#### PROVIDED DATA:

···

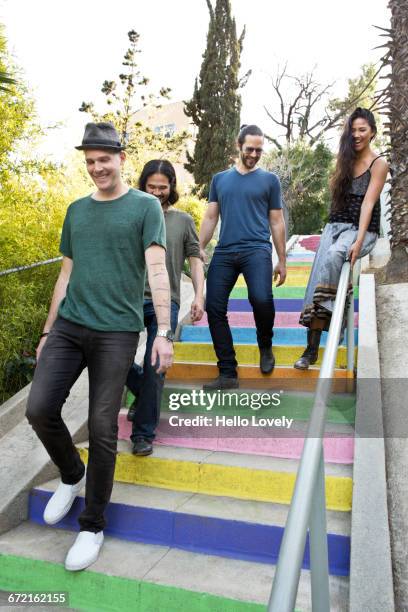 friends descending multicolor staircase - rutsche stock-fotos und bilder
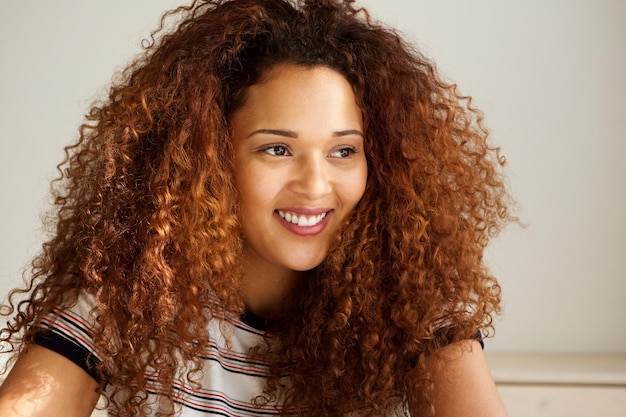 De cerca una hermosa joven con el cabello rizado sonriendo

···

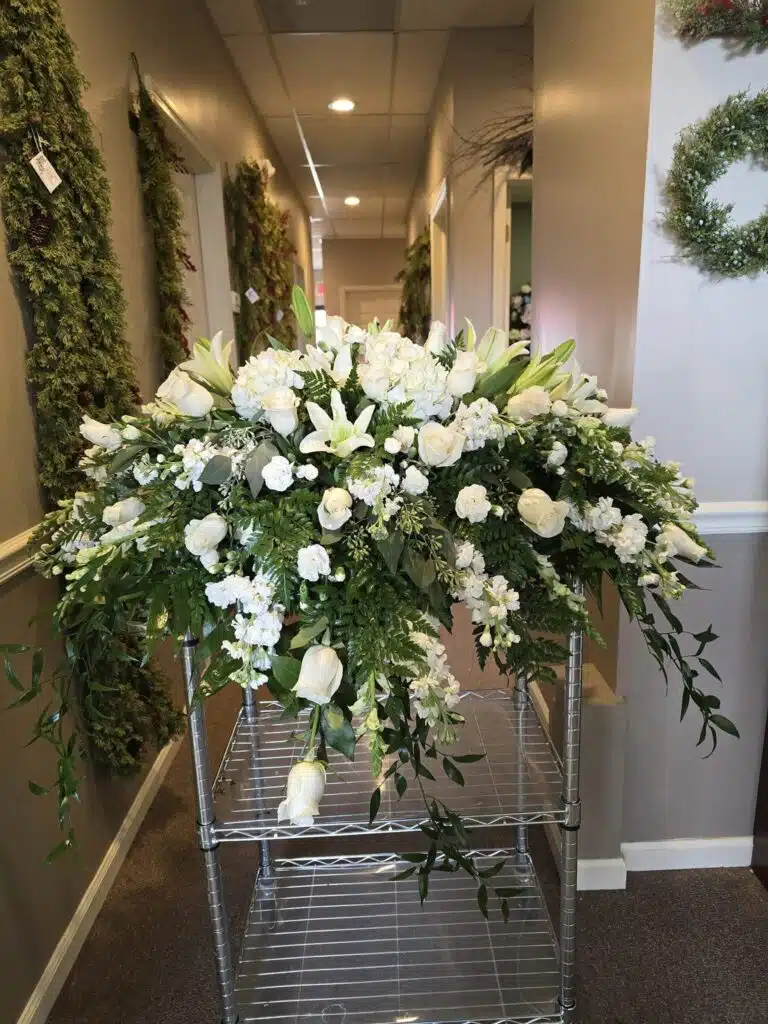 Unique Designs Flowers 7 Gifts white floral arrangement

···

#### ASSIGNMENT:
Copy exactly, without pictures, the lines above from the one with "friends descending multicolor" down to the one with "De cerca una", inclusive.

#### EXERCISE OUTPUT:
 friends descending multicolor staircase - rutsche stock-fotos und bilder
 De cerca una hermosa joven con el cabello rizado sonriendo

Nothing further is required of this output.